Die Tunes von DJ Philippa Pacho aus Berlin ziehen uns nach unten auf die Tanzfläche. Am Kopf des Raumes tanzen einige Gäste auf einem Podest, im Strobo-Licht zucken ihre Leiber zur Musik. Ich werde von dem Sog aufgenommen, die Menschen um mich herum schwingen die Arme um ihre Körper, die meisten haben die Augen geschlossen. Hier herrscht Ekstase, pure Hingabe an die Musik. Ich fühle mich frei, unbeobachtet. Ich verliere komplett das Zeitgefühl, ich denke nicht mehr daran, dass ich wach bleiben muss – ich will wach bleiben.
Unbestimmte Zeit später sind Hannah und ich wieder im Chilis und bestellen versehentlich eine Döner-Pizza, die wir durch die Straßen schlendernd essen. Plötzlich sagt Hannah: „Warte mal: Hörst du das?“ Wir halten inne und tatsächlich. Ist das – Vogelgezwitscher? Ich gucke auf mein Handy: 5.45! Die Sonne geht in 15 Minuten auf.
Uns packt die Euphorie, denn tatsächlich: Der Himmel sieht nicht mehr ganz so dunkel aus, am Horizont klettern die ersten Schattierungen von Blau über den Himmel. Unter dem Triumphbogen beobachten wir, wie die Sonne zwischen den Bergen aufgeht. Wir haben es geschafft!
Als wir zurück ins Hotel schlendern, werden wir mit einem fröhlichen „Guten Morgen“ begrüßt. Oh ja, ein guter Morgen, das ist er tatsächlich.
Zugegeben: Die Innsbruck Partyszene ist kleiner als in anderen Städten. Trotzdem waren wir von seiner Bandbreite überrascht: Von Luxus-Cocktails im Liquid Diary bis Techno Sounds im P.M.K, von den Hip-Hop Nächten im Dachsbau bis zum Rock-Sound im Prometheus. Wir würden uns höchstens noch eine Alternative zum Chilis wünschen.

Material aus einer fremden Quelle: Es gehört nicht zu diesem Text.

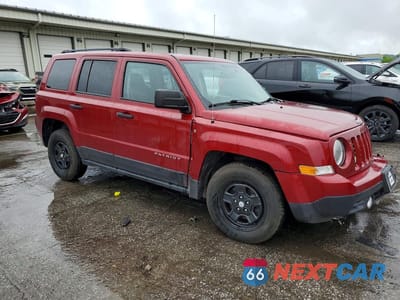 Czwarte zdjęcie samochodu z boku: 2016 JEEP PATRIOT SPORT VIN:1C4NJPBA4GD719899 - miniatura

Außerdem gefällt uns die enggeknüpften Partyszene: Hier werden verlorene Handys noch beim Barkeeper abgegeben, hier gesellt man sich noch spontan zu einer fremden Gruppe Mädels und feiert gemeinsam bis zum Morgengrauen. Manchmal passieren die lustigsten Dinge eben doch nach zwei Uhr morgens.